We recently returned from a weekend trip to the Gorge at George for a Tim McGraw Concert. After the concert we stayed in Moses Lake at the home of Mrs. Unaccomplished Angler’s sister. We awakened to sunny skies on Sunday morning. The wind was blowing, as it so often does in central Washington (thanks to the crappy weather in Western Washington). But it was sunny.  It was pleasant. If you were able to keep your car on the road thanks to the strong winds, it was a nice day for a drive.

Allow me to take you along with the Family Unaccomplished on our westward journey into western Washington: land of the Summer Ream Job. Not to worry, while I was the photographer, I was not driving.

June 19th. We left Moses Lake at around noon. This is what it looked like (note the potential high for the day):

Traveling west on I-90. As we crossed the bridge over the Columbia River at Vantage, it looked very much like summer.
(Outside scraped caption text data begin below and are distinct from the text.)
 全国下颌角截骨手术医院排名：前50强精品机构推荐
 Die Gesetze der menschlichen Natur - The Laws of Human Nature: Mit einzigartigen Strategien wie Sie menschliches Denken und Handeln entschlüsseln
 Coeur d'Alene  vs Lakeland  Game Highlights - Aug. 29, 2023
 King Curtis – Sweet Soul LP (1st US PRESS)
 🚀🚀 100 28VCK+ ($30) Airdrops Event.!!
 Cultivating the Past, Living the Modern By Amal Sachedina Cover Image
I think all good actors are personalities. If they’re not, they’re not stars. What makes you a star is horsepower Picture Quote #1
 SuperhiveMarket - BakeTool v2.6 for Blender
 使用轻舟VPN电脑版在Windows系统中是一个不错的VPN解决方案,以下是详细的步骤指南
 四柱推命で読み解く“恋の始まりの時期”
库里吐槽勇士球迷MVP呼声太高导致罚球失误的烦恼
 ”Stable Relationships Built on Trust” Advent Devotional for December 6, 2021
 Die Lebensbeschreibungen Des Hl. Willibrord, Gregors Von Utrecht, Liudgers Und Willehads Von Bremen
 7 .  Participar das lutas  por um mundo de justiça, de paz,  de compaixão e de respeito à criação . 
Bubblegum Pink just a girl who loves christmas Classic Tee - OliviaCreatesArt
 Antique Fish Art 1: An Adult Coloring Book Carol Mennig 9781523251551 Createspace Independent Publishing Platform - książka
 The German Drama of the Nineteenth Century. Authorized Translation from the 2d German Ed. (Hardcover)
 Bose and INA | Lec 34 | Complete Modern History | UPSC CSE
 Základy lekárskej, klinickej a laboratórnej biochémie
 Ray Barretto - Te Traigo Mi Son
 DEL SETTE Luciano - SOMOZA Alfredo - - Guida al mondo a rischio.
There were even boats on the river:

Ascending the grade toward Ryegrass, the wind continued to blow, giving ample power to the scores of power-generating windmills that now visually pollute the landscape:

While still under blue skies and strong winds, a pitstop at the Indian John Hill rest stop between Ellensburg and Cle Elum revealed our fate – a thick layer of clouds lingering over the Cascades:

As we proceeded westward we grew nearer to the clouds:

With every click of the odometer, the mileage on “Bessy” (Mrs. UA’s aging Ford Explorer) increased, as did the clouds:

Before long, the blue sky was a thing of the past (the blue you see at the top of this frame is not the sky, but rather the anti-glare tinting along the top edge of the windshield).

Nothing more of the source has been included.